Llewellyn Owen, New Business Development (Coastal) at Lubrication Engineers (LE) South Africa, says organisations often underestimate the true cost of lubrication because they assess products based on upfront price rather than total cost of ownership.
“Lubrication is one of those things that only gets attention when something breaks,” he says. “By that point, the damage has already been done, and the cost of fixing it is almost always higher than the cost of preventing it would have been.”
What poor lubrication actually costs
The direct costs of a lubrication-related failure are easy to quantify: a damaged component needs to be replaced, contractors may need to be called in and production is lost while the equipment is down. But Owen says the full picture is more complex than that.
“There are four main cost areas,” he explains. “You have the breakdown itself and the cost of replacing the damaged machinery.

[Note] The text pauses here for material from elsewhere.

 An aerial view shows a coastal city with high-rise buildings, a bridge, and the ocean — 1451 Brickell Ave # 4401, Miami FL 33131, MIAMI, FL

You have labour costs (often contractor rates) for unplanned stoppages. You have spare parts procurement, which is rarely straightforward when you’re dealing with an emergency. And then you have lost production, including any product that’s damaged in the process. When you add all of that up, the cost of a single avoidable breakdown is much higher than what a better lubricant would have cost.”
Beyond these, there is also the long-term effect of poor lubrication on equipment lifespan. Machinery that is consistently under-lubricated, over-lubricated or lubricated with the wrong product experiences accelerated wear. This shortens the serviceable life of components and means they have to be replaced more often, which is a cost that is easy to miss because it adds up over time rather in a single event.
Cheaper lubricants
One of the most common forms of lubrication related cost cutting is opting for a cheaper lubricant in place of a high-quality product.
Owen says that although people often wonder what difference it could really make, it’s about what the cheaper product cannot do. “Lower-quality lubricants don’t have the film strength to handle heavy loads, wash out in moisture, or degrade quickly in high temperatures,” he says. “The result is that they get replaced more frequently, allow more wear on the components they are meant to protect, and ultimately cost more in total.”
High-quality lubricants, however, are formulated to last longer, maintain their protective properties in harsh conditions and require less frequent application. LE’s https://lubricationengineers.co.za/lubricants/industrial-greases/almagard-vari-purpose-lubricant-3752-3750/ for example, is specifically designed not to wash off, pound out or degrade under heavy use, meaning less product is needed over time and the components it protects last longer.
There is also an important environmental impact aspect in this. Lubricants that fling off machinery components or break down quickly can affect site contamination and increase the amount of waste product that needs to be managed. Better quality lubricants that stay in place and last longer reduce this environmental impact, which is an important consideration for industrial operations.
Shifting perspective
Owen says that in his experience the conversation around lubrication costs needs to shift from price per unit to total cost of ownership. A lubricant that costs more per container but lasts twice as long, protects components more effectively and reduces unplanned downtime is not an expensive option, it is the more economical one.
“The plants that get this right treat lubrication as an investment in their equipment, not a consumable where they can make savings,” says Owen. “The ones that treat it as a cost to be cut are the ones that end up spending far more when things go wrong.”
For industrial operations looking to review their lubrication practices, Owen recommends starting with a full assessment of what is currently being used, how it is being stored and how it is being applied, before looking at what products could suit the conditions on site better. In most cases, he says, there are some small changes that can make a big difference.